Am 30.08.2016 um 23:59 schrieb Rich Freeman:
> On Tue, Aug 30, 2016 at 4:58 PM, Volker Armin Hemmann
> <volkerar...@googlemail.com> wrote:
>> the journal does not add any data integrity benefits at all. It just
>> makes it more likely that the fs is in a sane state if there is a crash.
>> Likely. Not a guarantee. Your data? No one cares.
>>
> That depends on the mode of operation.  In journal=data I believe
> everything gets written twice, which should make it fairly immune to
> most forms of corruption.

nope. Crash at the wrong time, data gone.
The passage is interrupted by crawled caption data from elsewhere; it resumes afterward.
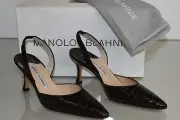 $5400 NEW Manolo Blahnik CAROLYNE 70 Dark Brown ALLIGATOR CROCODILE SHOES 36
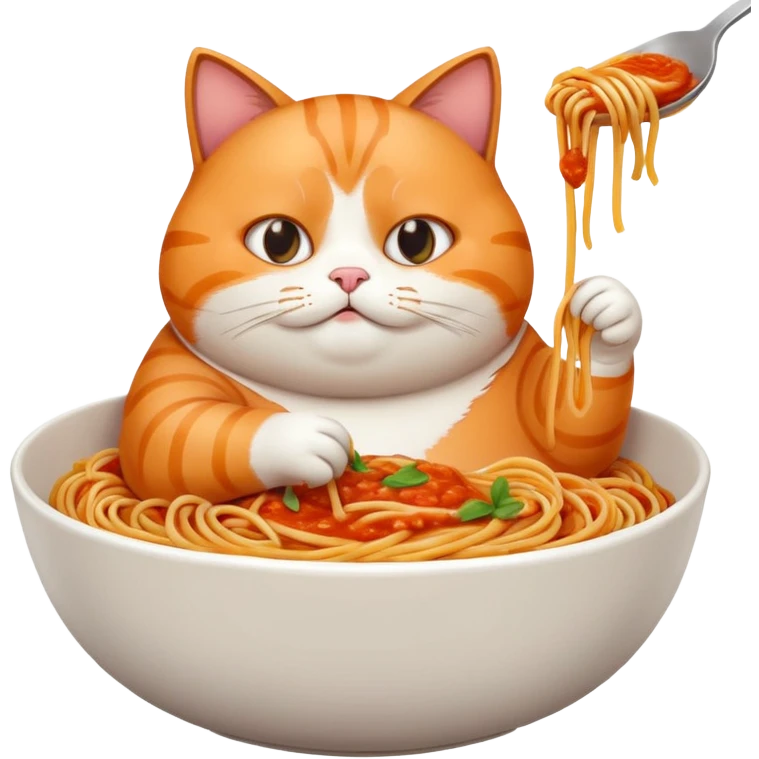 Fat cat eating a big bowl of spaghetti  emoji
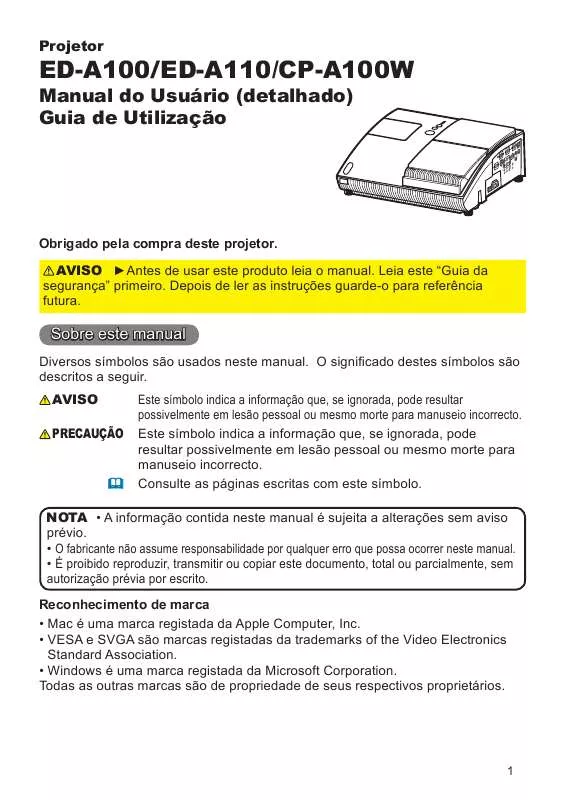 Mode d'emploi HITACHI CP-A100W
FS hopefully sane.

>
> f2fs would also have this benefit.  Data is not overwritten in-place
> in a log-based filesystem; they're essentially journaled by their
> design (actually, they're basically what you get if you ditch the
> regular part of the filesystem and keep nothing but the journal).
>
>> If you want an fs that cares about your data: zfs.
>>
> I won't argue that the COW filesystems have better data security
> features.  It will be nice when they're stable in the main kernel.
>

it is not so much about cow, but integrity checks all the way from the
moment the cpu spends some cycles on it. Caught some silent file
corruptions that way. Switched to ECC ram and never saw them again.